SCOPELLITI: NELLA SOLITUDINE, LIBERO, ONESTO E CORAGGIOSO

DI LUCA SOLDI

 

 

« Il giudice è quindi solo, solo con le menzogne cui ha creduto, le verità che gli sono sfuggite, solo con la fede cui si è spesso aggrappato come naufrago, solo con il pianto di un innocente e con la perfidia e la protervia dei malvagi. Ma il buon giudice, nella sua solitudine, deve essere libero, onesto e coraggioso. »

Antonino Scopelliti, giudice, uomo di legge viene assassinato il 9 agosto del ‘91, da mafia, ‘Ndrangheta e (volendo pensare male) poteri occulti disturbati dal suo impegno.

Lo ricordiamo anche perché impegnato nelle indagini sulla strage del treno 904 per quell’attentato dinamitardo che avvenne il 23 dicembre 1984 nella Grande Galleria dell’Appennino, subito dopo la stazione di Vernio.

Su quel treno, carico di viaggiatori, persero la vita 16 persone e decine furono i feriti.

Per questo processo, che si concluse in Cassazione nel marzo del 1991, il procuratore Scopelliti aveva chiesto la conferma degli ergastoli inferti al boss della mafia Pippo Calò e a Guido Cercola, nonché l’annullamento delle assoluzioni di secondo grado per altri mafiosi.
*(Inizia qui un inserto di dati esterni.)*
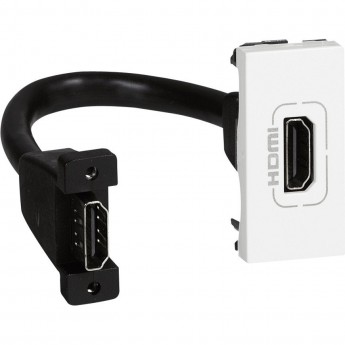 Розетка HDMI LEGRAND Mosaic 1 мод., оборудована шнуром, белая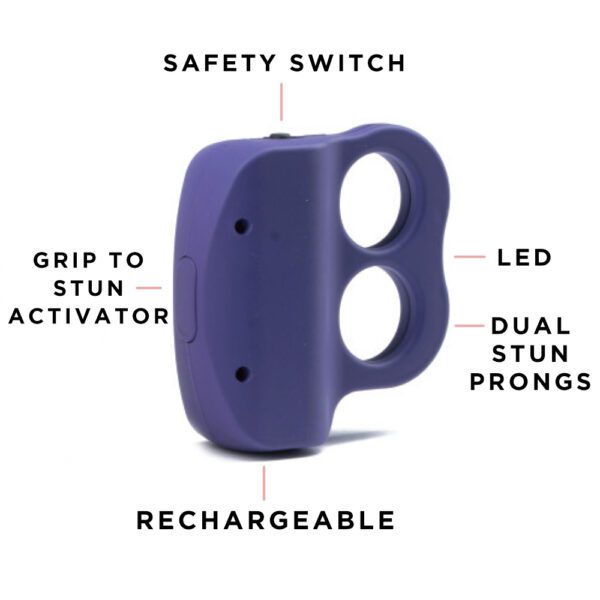 A compact rechargeable stun gun with dual prongs and LED indicator.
Il collegio giudicante della Prima sezione penale della Cassazione, presieduto da Corrado Carnevale, rigettò la richiesta della pubblica accusa, assolvendo Calò e rinviando tutto a nuovo giudizio.

Scopelliti rappresentò, la pubblica accusa anche nel caso Moro, durante il primo processo, al sequestro dell’Achille Lauro, alla Strage di Piazza Fontana.

Per mettere fine al suo impegno venne assassinato il 9 agosto 1991, mentre era in vacanza in Calabria, sua terra d’origine, in località Piale, nella frazione di Villa San Giovanni, sulla strada provinciale tra Villa San Giovanni e Campo Calabro.